Problem requirements: The first line of the entries through the line bearing "Healthy liver and": copy these lines exactly and return nothing else.

(Stored data)
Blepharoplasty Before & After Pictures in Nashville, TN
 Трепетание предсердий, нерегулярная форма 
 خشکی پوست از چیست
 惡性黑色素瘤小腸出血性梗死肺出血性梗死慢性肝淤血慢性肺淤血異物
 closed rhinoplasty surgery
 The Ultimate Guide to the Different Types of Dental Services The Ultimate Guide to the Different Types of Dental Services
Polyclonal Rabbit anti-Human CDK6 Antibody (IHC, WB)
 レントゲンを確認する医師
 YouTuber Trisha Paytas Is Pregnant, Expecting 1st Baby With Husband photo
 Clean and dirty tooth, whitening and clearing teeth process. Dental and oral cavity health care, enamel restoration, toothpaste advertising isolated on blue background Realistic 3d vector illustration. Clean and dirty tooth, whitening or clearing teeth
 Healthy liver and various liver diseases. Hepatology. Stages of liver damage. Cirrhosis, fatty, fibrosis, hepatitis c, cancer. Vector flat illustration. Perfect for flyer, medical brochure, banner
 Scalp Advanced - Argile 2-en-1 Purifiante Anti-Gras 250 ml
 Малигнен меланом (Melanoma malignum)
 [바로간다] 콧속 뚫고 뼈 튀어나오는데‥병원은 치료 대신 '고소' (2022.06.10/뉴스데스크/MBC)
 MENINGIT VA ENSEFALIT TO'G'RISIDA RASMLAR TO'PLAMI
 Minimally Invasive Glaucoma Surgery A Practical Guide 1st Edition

Exercise output:
Blepharoplasty Before & After Pictures in Nashville, TN
 Трепетание предсердий, нерегулярная форма 
 خشکی پوست از چیست
 惡性黑色素瘤小腸出血性梗死肺出血性梗死慢性肝淤血慢性肺淤血異物
 closed rhinoplasty surgery
 The Ultimate Guide to the Different Types of Dental Services The Ultimate Guide to the Different Types of Dental Services
Polyclonal Rabbit anti-Human CDK6 Antibody (IHC, WB)
 レントゲンを確認する医師
 YouTuber Trisha Paytas Is Pregnant, Expecting 1st Baby With Husband photo
 Clean and dirty tooth, whitening and clearing teeth process. Dental and oral cavity health care, enamel restoration, toothpaste advertising isolated on blue background Realistic 3d vector illustration. Clean and dirty tooth, whitening or clearing teeth
 Healthy liver and various liver diseases. Hepatology. Stages of liver damage. Cirrhosis, fatty, fibrosis, hepatitis c, cancer. Vector flat illustration. Perfect for flyer, medical brochure, banner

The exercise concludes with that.